A review found on the blog Feministing:
Her book challenges popular opinion around fatness and obesity, including critiques of The Biggest Loser and Michelle Obama’s childhood obesity campaign. Without a doubt, Kinzel forces readers to unpack lifelong-held beliefs about self-identity, acceptance and, most importantly, the size of jeans you own or the number on the scale. This is an issue that plagues everyone universally– no matter where you lie on the size spectrum. Kinzel’s book is absolutely relatable to anyone that has ever felt insecure about their body or the way they look– so, pretty much everyone.
Hanne Blank, author of Big Big Love:
Two Whole Cakes is a vulnerable, funny, whip-smart, incendiary book that offers a delightfully readable way out of our culture’s unrealistic expectations of body size and appearance.
The fat acceptance movement is described by Fain as being “all about treating fat people with dignity and respect. Activists argue that the disrespect and discrimination that fat people face day in, day out is hazardous to their physical and mental health.” In an interview Fain conducted with Kinzel, the latter defines fat acceptance as “basically the idea that fat people should have the option not to hate themselves and their bodies. Not to say that everyone has to like it, but that people should feel as enabled to take a path of self-acceptance and contentment at the size they are.”
“Fat,” by the way, in the parlance of fat activists, is meant to be a relatively neutral word. It replaces such words as “overweight,” which carries more judgment.

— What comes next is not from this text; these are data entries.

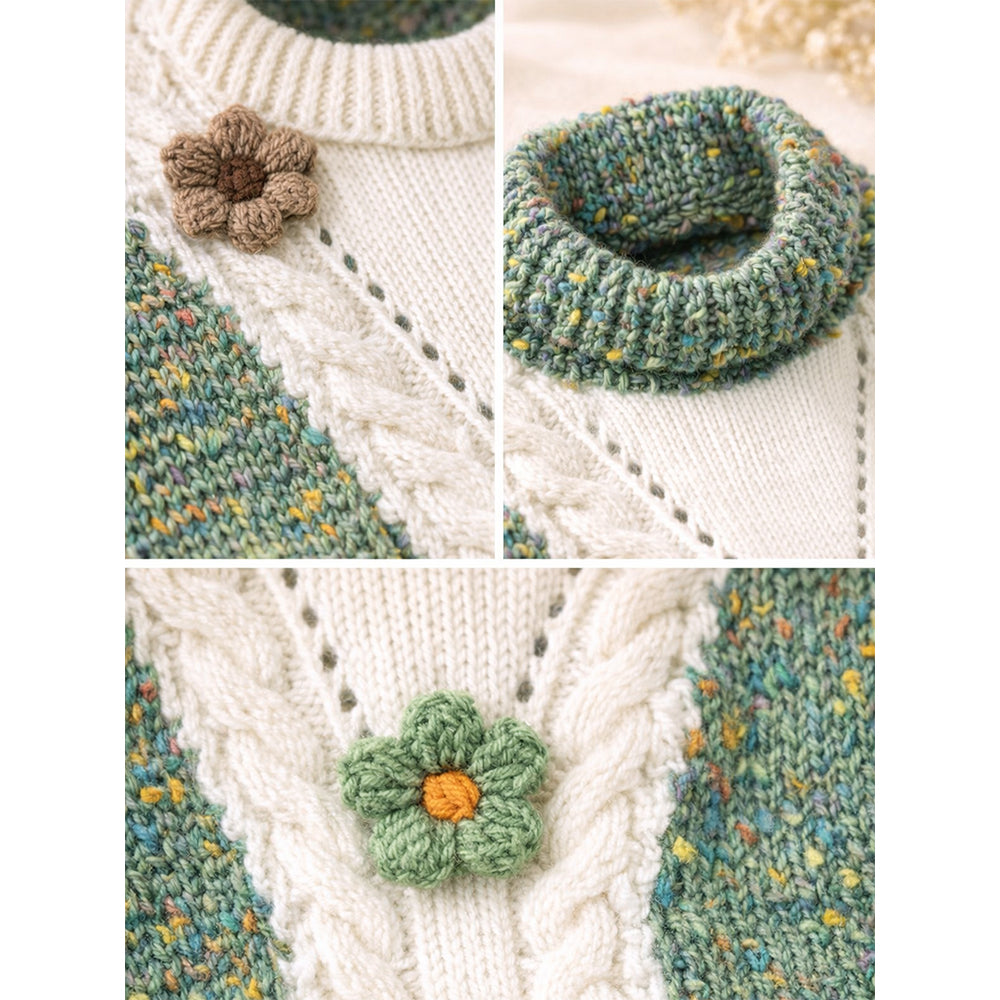 Green Multicolour Flower Knit Sweater, Winter Cardigan Sweater for Kids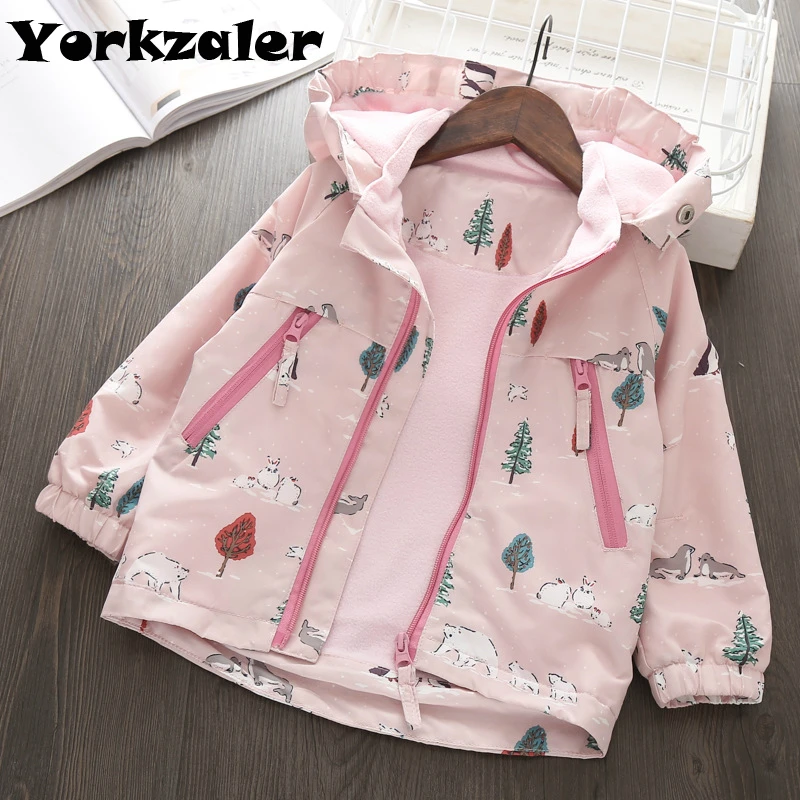 Весенняя ветровка для маленьких девочек куртки с капюшоном и длинными рукавами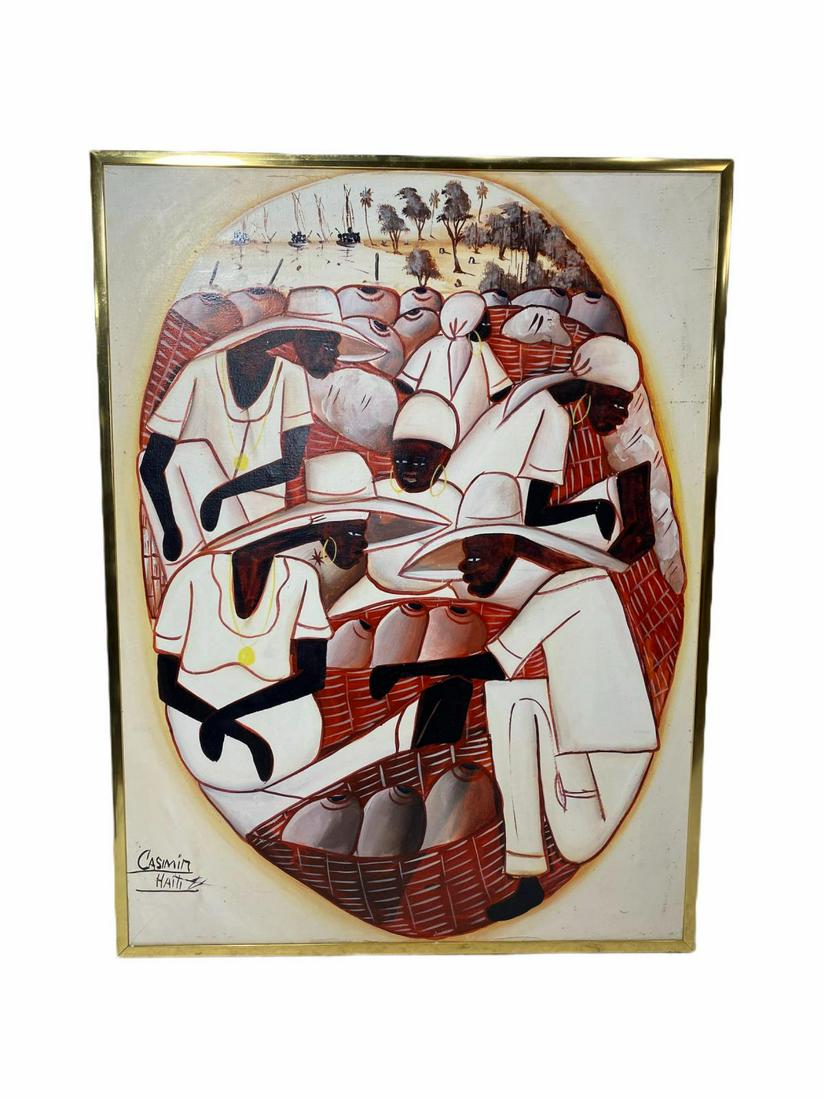 Signed Laurent Casimir Oil on Canvas Depicting A Female: Laurent Casimir (Haitian, 1928-1990) Oil on Canvas Depicting A Female signed lower left measures 38 1/2" H x 29" W, 3/4" frame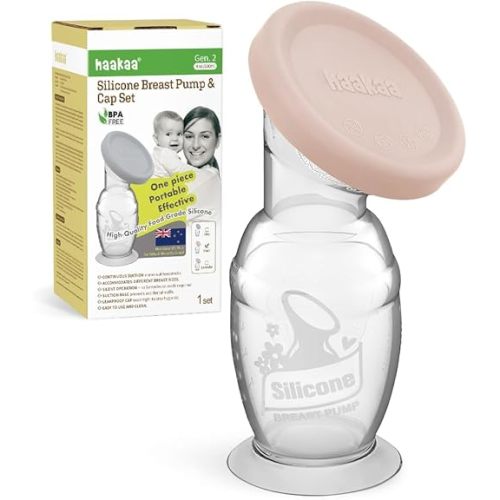 haakaa Manual Breast Pump & Silicone Cap Combo for Nursing Mom (Blush, 4oz. with Base)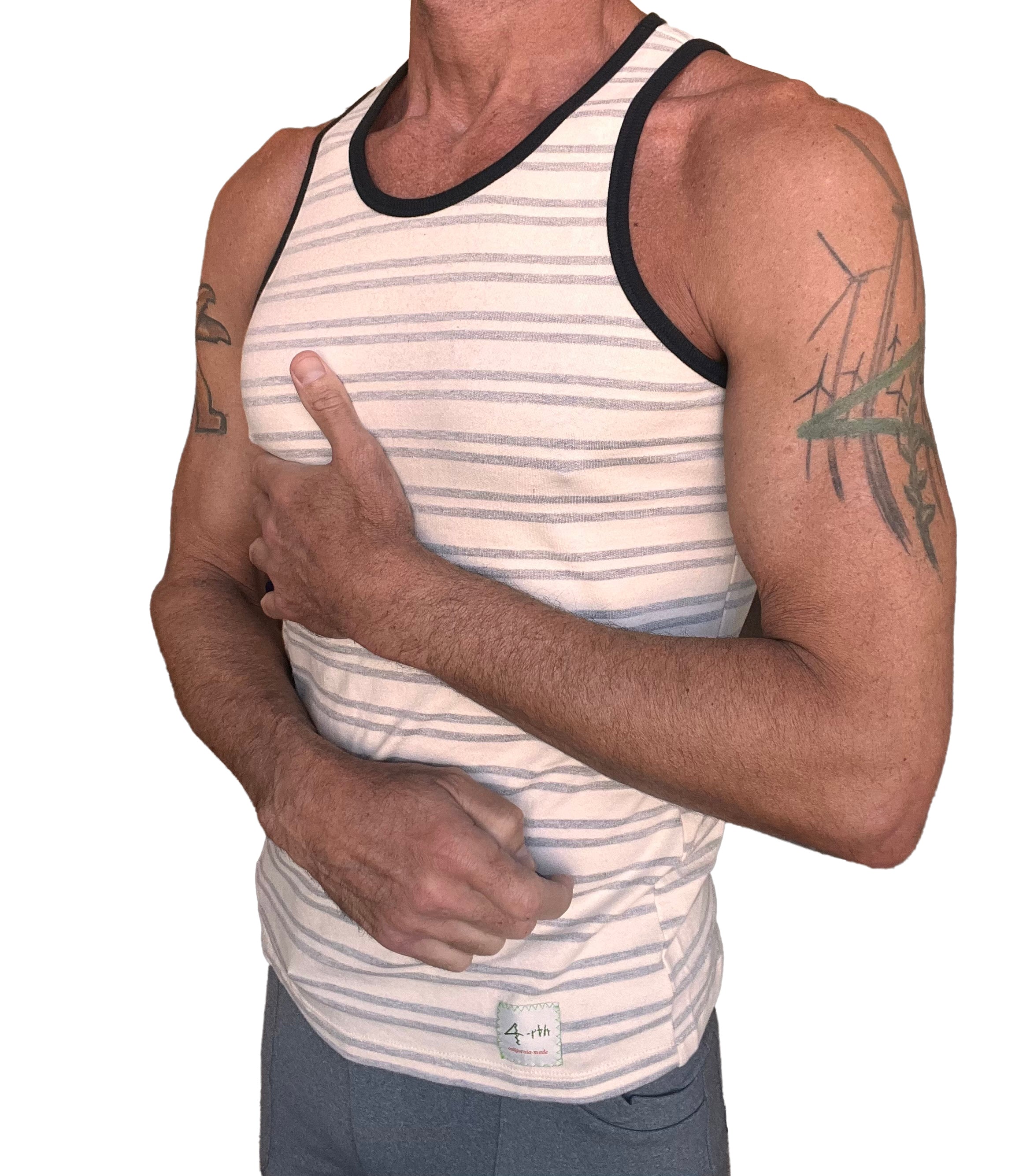 A men’s yummy nautical fleece sustain tank top with light gray and off-white stripes and black trim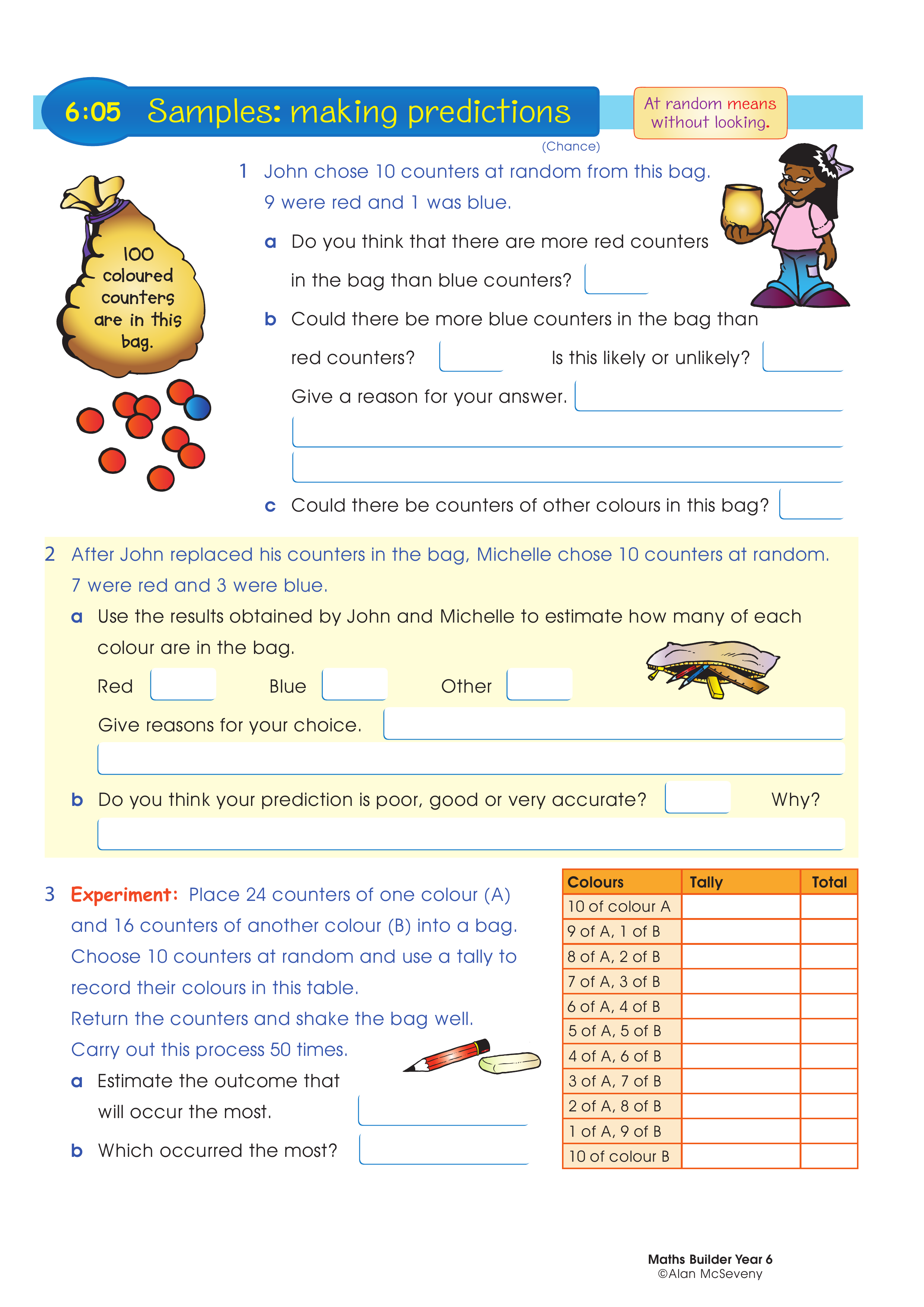 Samples: making predictions — worksheet preview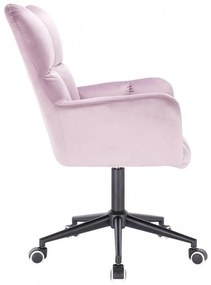 LuxuryForm DESIGN Kreslo AURORA VELUR na čiernej podstave s kolieskami - levanduľa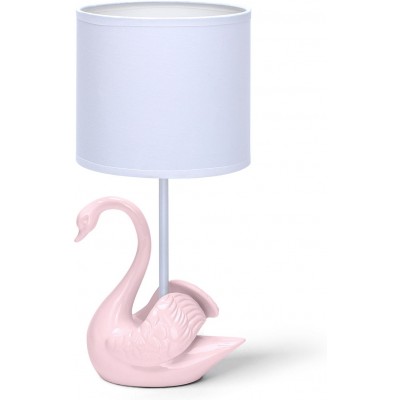 Lámpara de sobremesa 40W 37×16 cm. Cerámica. Color blanco y rosa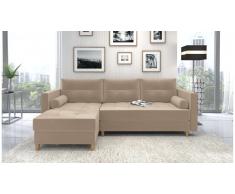 JUSTyou Nana Canape d'angle Beige Velours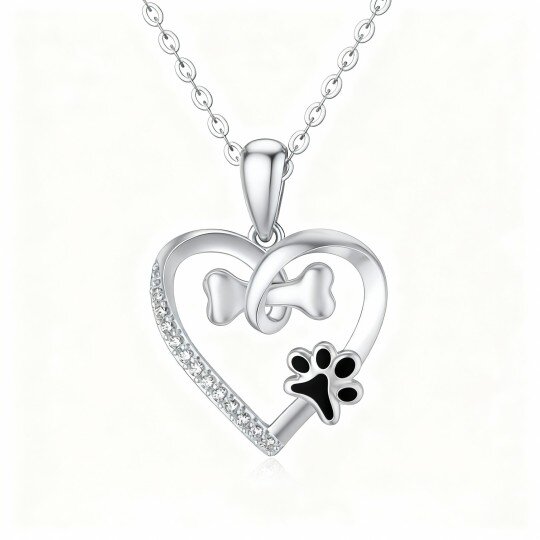 Collier pendentif en or blanc 10 carats avec zircon cubique rond en forme de patte, d'os et de cœur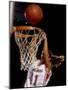 Female Basketball Player Slam Dunking-null-Mounted Photographic Print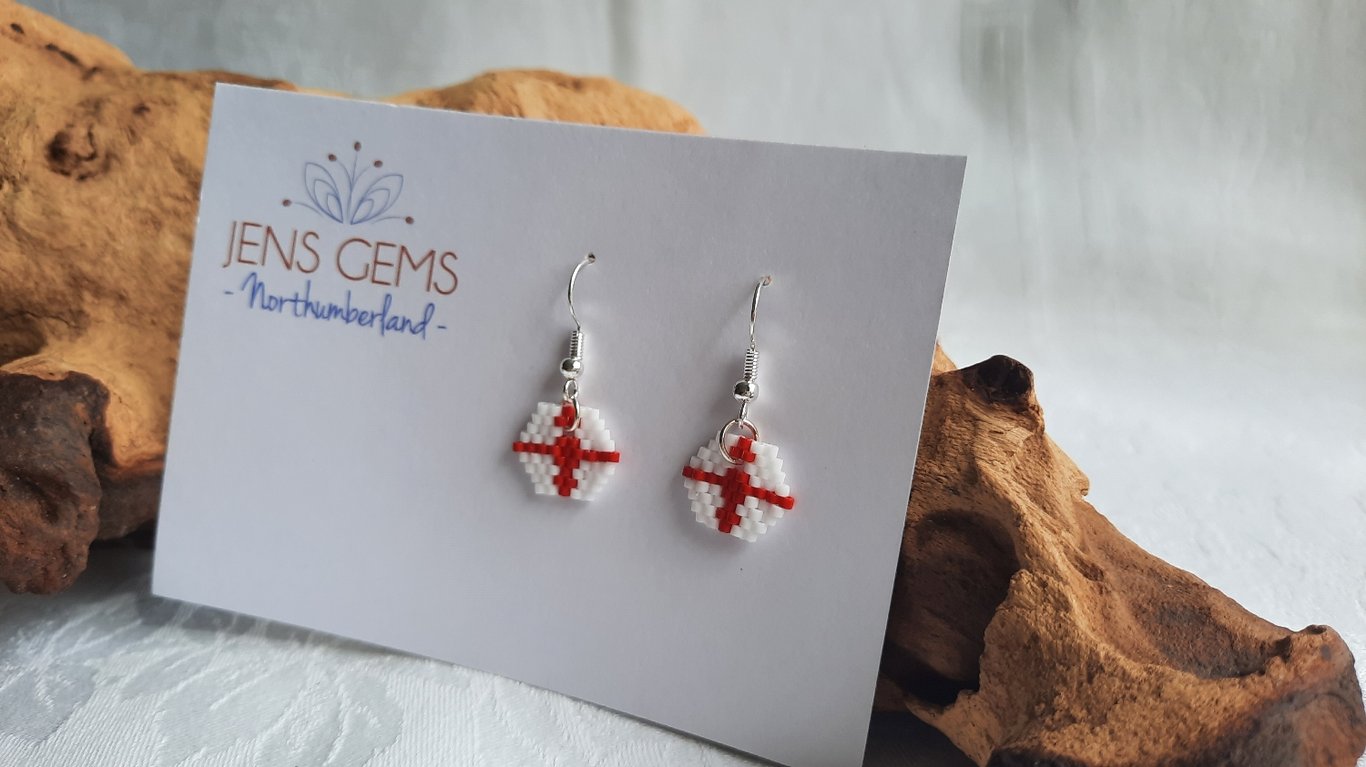 Hexagonal St George's Flag Beadwork Earrings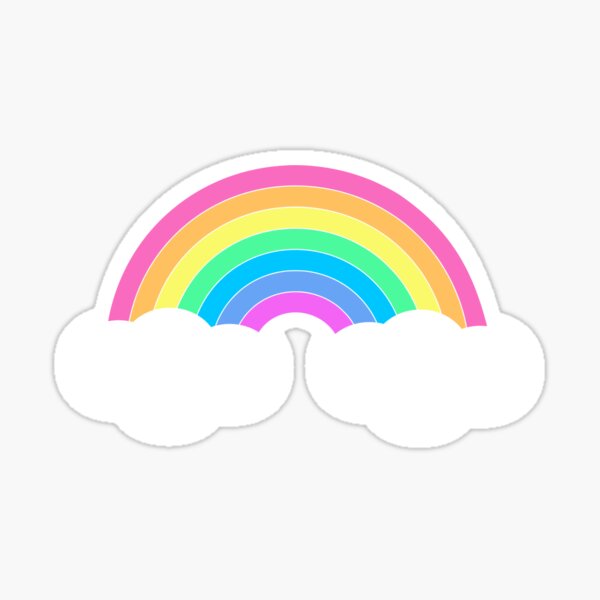 Pegatina «Pastel arcoiris con nubes» de jpjournals | Redbubble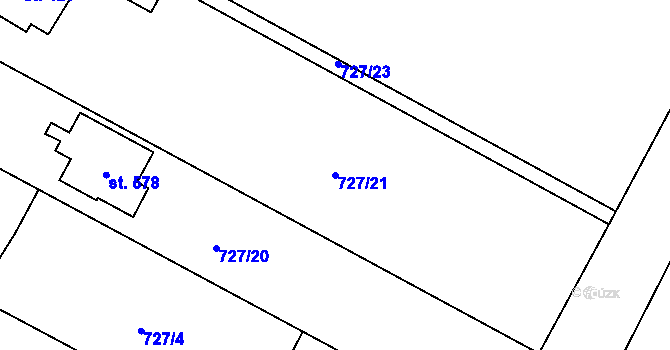Parcela st. 727/21 v KÚ Ronov nad Doubravou, Katastrální mapa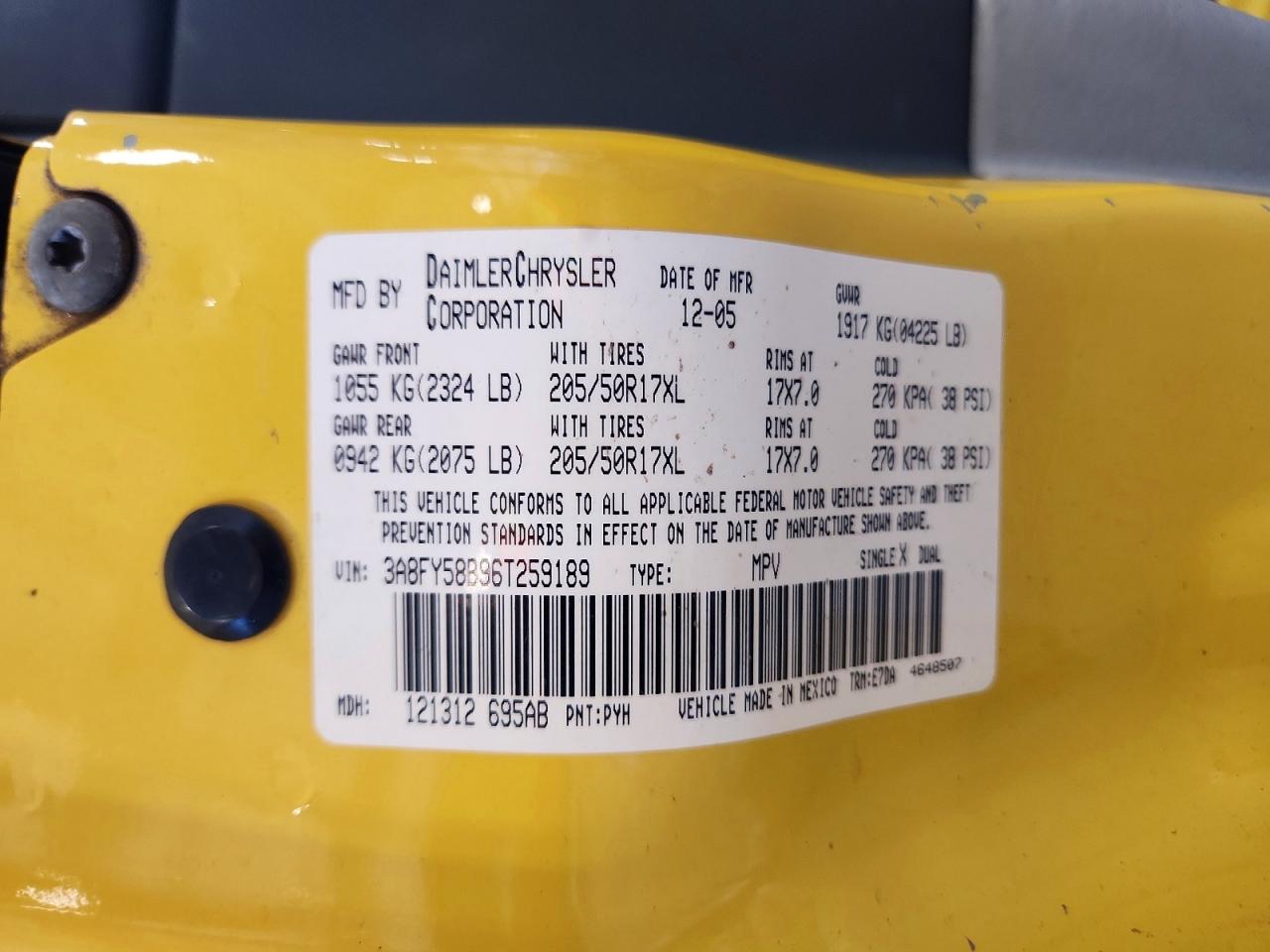 2006 Chrysler Pt Cruiser Touring Yellow vin: 3A8FY58B96T259189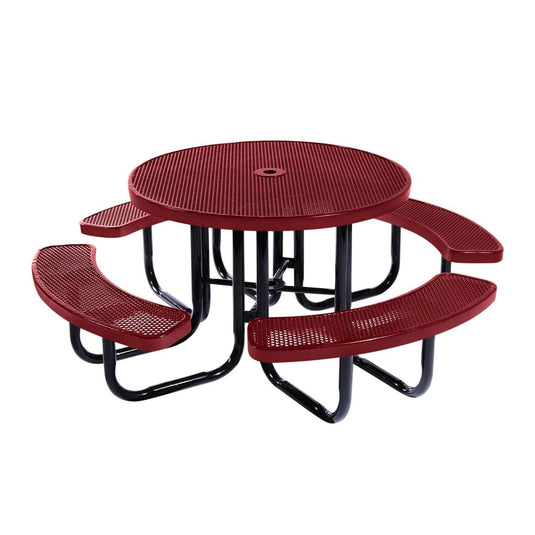 46" Round Metal Outdoor Picnic Table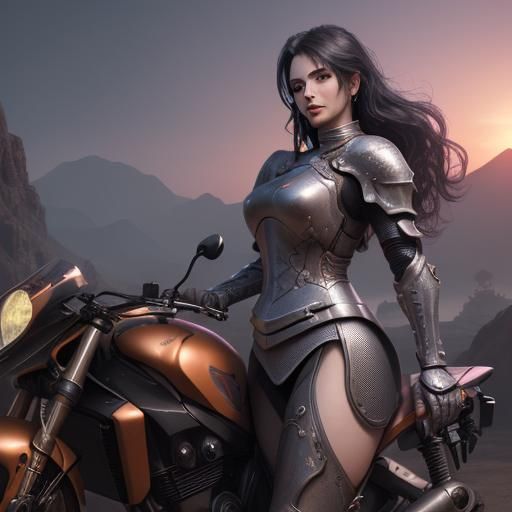 Motorcycle Woman Licks Knight's Face at Sunrise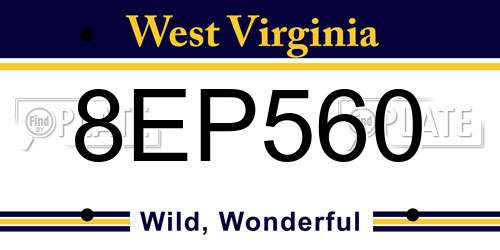 8EP560 West Virginia License Plate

One of the myths that fat activists face is that they disapprove of people trying to lose weight. On the contrary, Kinzel, for example, just wants people’s decisions, whatever they are, “to come from a place of self-love, and not self-loathing.” Similarly, as noted in a Time article, NAAFA (National Association to Advance Fat Acceptance) doesn’t “encourage anyone to lead an unhealthy lifestyle but recognizes that for some people weight loss isn’t possible.”
Adds Katherine Bowers, writing for Women’s Health:
…(T)he fat-acceptance movement pushes another key point: Extra weight may not be ideal, but it sure beats dieting. Research shows extreme yo-yo dieting can, over time, slow metabolism and cause cardiac stress; it can even lead to long-term weight increases.
Just ask fat-acceptance activist Kate Harding, coauthor of Lessons from the Fat-o-Sphere: Quit Dieting and Declare a Truce with Your Body, who twice lost more than 20 percent of her weight only to regain it. It left her wondering, What if trying so hard not to be fat is actually a bigger health problem than being fat?